Yes, if the supplier is unregistered, the recipient is required to issue a self-invoice under Rule 46(n). This is a key documentation requirement for availing ITC.

Q4. What if I miss disclosing RCM liability in GSTR-3B?
If RCM liability is missed, it must be paid with interest. Also, ITC cannot be claimed unless the RCM tax is correctly disclosed and paid in GSTR-3B.

Q5. How is time of supply determined under RCM?
For goods: earlier of the receipt of goods, date of payment, or 30 days from invoice.
For services: earlier of the date of payment or 60 days from invoice. This determines when the liability arises.

Q6. Is RCM applicable to import of services from foreign vendors like Zoom, AWS, or freelancers?
Yes. These fall under the definition of import of services, and the Indian recipient must pay IGST under Section 5(3) of the IGST Act.

Q7. Can a composition dealer be liable under RCM?
Yes. Composition dealers must pay RCM if applicable, but they cannot claim ITC on the RCM paid.

Q8. Is RCM applicable on security services provided by a body corporate?
No. RCM is applicable only if the security provider is not a body corporate. If it is a company, then GST should be paid under forward charge by the supplier.

Q9. Are services provided by a director always covered under RCM?
Only when the remuneration is not in the nature of salary (i.e., TDS deducted under Section 194J), it is considered a service and RCM applies. If TDS is deducted under Section 192 (salary), it’s an employer-employee relationship and exempt.

Q10. Is RCM applicable on renting of motor vehicles?
Yes, but only in cases where the supplier is not a body corporate and the recipient is a registered body corporate entity. The rate may vary between 5% and 12% based on conditions.

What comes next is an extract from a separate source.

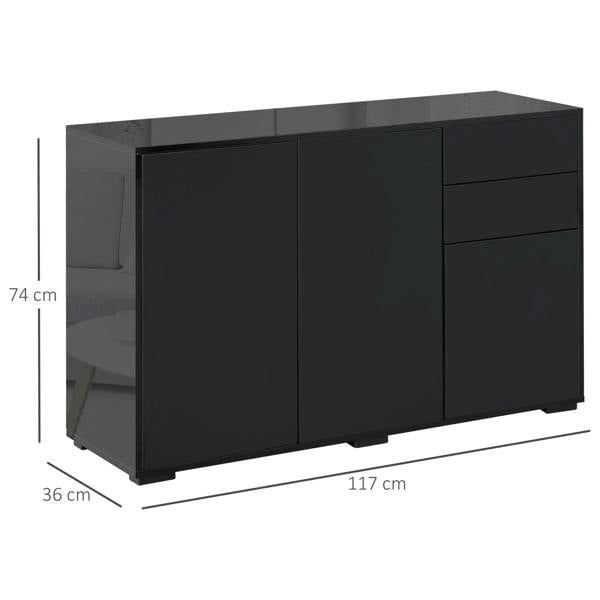 Black side cabinet, 117 cm wide, with two doors and two drawers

Q11. Can I adjust excess RCM paid in future returns?
No. GST law does not permit automatic adjustments. Excess RCM payment must be carefully handled through refunds or correction in returns.

Q12. How is RCM applied in real estate projects?
Promoters must pay GST under RCM for procuring goods/services from unregistered suppliers exceeding 20% of total inputs (with exceptions like cement). Specific rules apply under Notification 07/2019 – Central Tax (Rate).

Q1. Can RCM be paid using ITC?
No, only cash payment is allowed.

Q2. Can ITC be claimed on RCM?
Yes, if conditions of Section 16 are fulfilled.

Q3. Are exempt supplies under RCM taxable?
No, RCM applies only to taxable supplies.

Q4. Is RCM applicable for personal purchases?
No, only for business-related procurements.

Q5. What if RCM is not paid on time?
Interest and penalties will apply.


17. Conclusion

Reverse Charge Mechanism is a powerful tool in the GST framework, helping to ensure tax compliance from hard-to-monitor sectors. While it does place an additional compliance burden on recipients, it also allows eligible taxpayers to claim input tax credit. Regular review of vendors and transaction types is essential for smooth RCM compliance. Businesses must stay updated with notifications to ensure timely tax payment and ITC availment. When implemented with diligence, RCM becomes a reliable compliance instrument and a path to efficient tax governance.